Post-seismic gravity change modelling based on non-linear power-law upper mantle rheology

Post-seismic gravity change modelling is commonly based on earth model with Newtonian linear rheology. Here, we present a novel way of modelling post-seismic gravity change by using a non-linear power-law rheology earth model. The method is constructed based on the framework of spectral finite element method (SFEM). SFEM has been proven practical for the purpose of modelling gravity change occurring during megathrust earthquakes. Our method implements the strain rate expression of non-linear power-law rheology into the mathematical framework of SFEM. Using our method, simulations of geoid change caused by synthetic point source earthquakes were made. The results revealed the potential of using non-linear power-law rheology for the explanation of rapid gravity changes in the beginning of the post-seismic epoch.
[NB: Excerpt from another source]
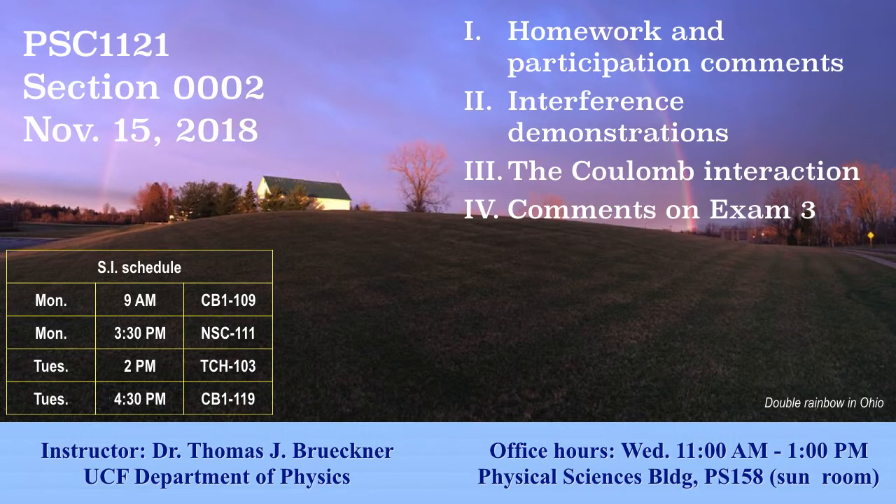Let's begin lecture. Hopefully we'll have a few minutes at the end of class today to talk about exam three, although we've talked about it quite a bit already. Get your clickers ready. We're going to click in a few minutes. We're going to do some demonstrations up here in a few minutes, but before we do that, I want to talk a little bit about homework and clicking.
Further on, we computed the post-seismic gravity change of the 2011 M9.0 Tohoku-Oki earthquake based on Maxwell non-linear power-law rheology in the upper mantle. It demonstrated the potential of power-law upper mantle flow as a possible candidate for the explanation of post-seismic gravity change after the earthquake occurs. However, a Maxwell non-linear power-law rheology alone is insufficient for the explanation of the post-seismic gravity change occurred.

Automated summary

A new method using a non-linear power-law rheology earth model was proposed for modelling post-seismic gravity change. Simulations and calculations demonstrated the potential of this method in explaining rapid gravity changes after earthquakes.